**Problem to solve**. Line by line, set down all the data below exactly, omitting any picture.

**Dataset extract**.
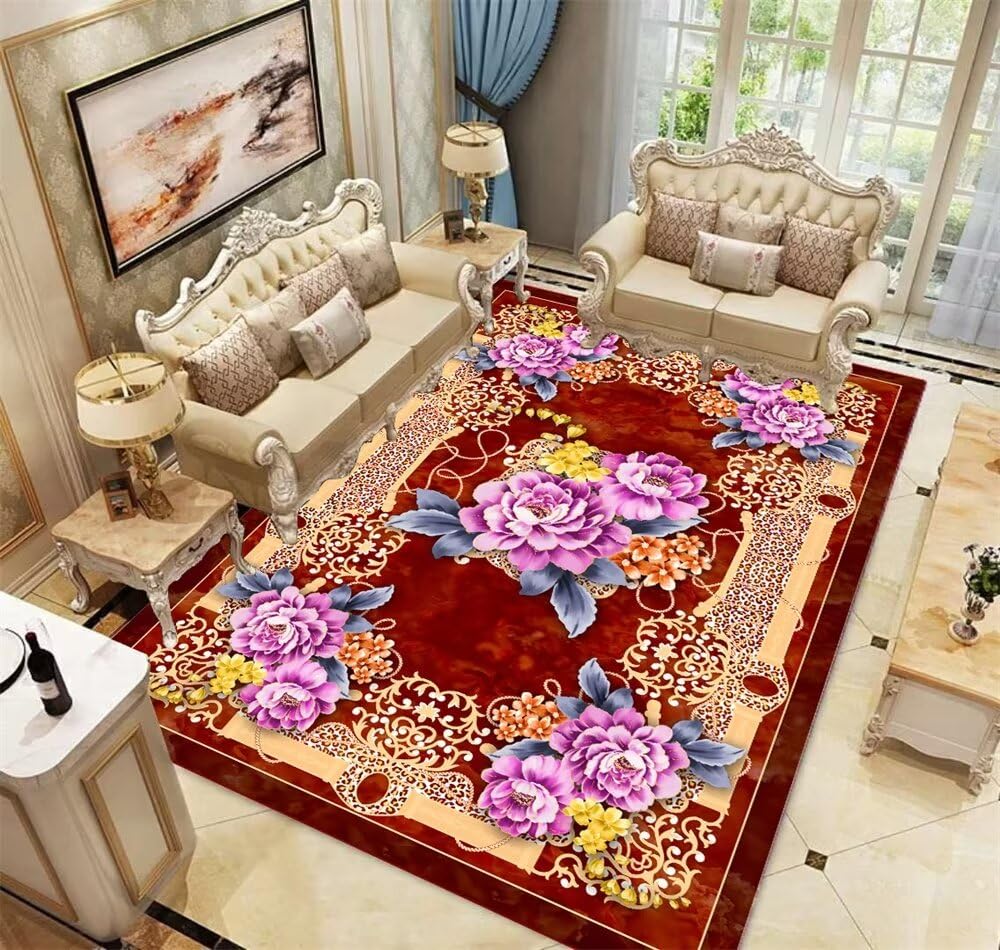 Tapis de salon rectangulaire rouge 80x150 cm antidérapant pour chambre et déco maison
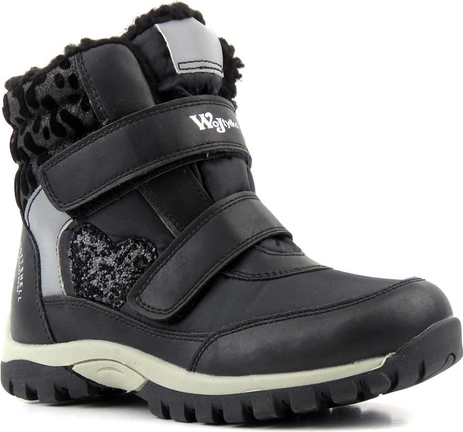 Czarne buty dziecięce zimowe Wojtyłko na rzepy z tkaniny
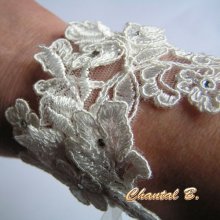 Pulseira de casamento em renda de marfim e rhinestone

**Answer below**.
 Tapis de salon rectangulaire rouge 80x150 cm antidérapant pour chambre et déco maison
 Czarne buty dziecięce zimowe Wojtyłko na rzepy z tkaniny
 Pulseira de casamento em renda de marfim e rhinestone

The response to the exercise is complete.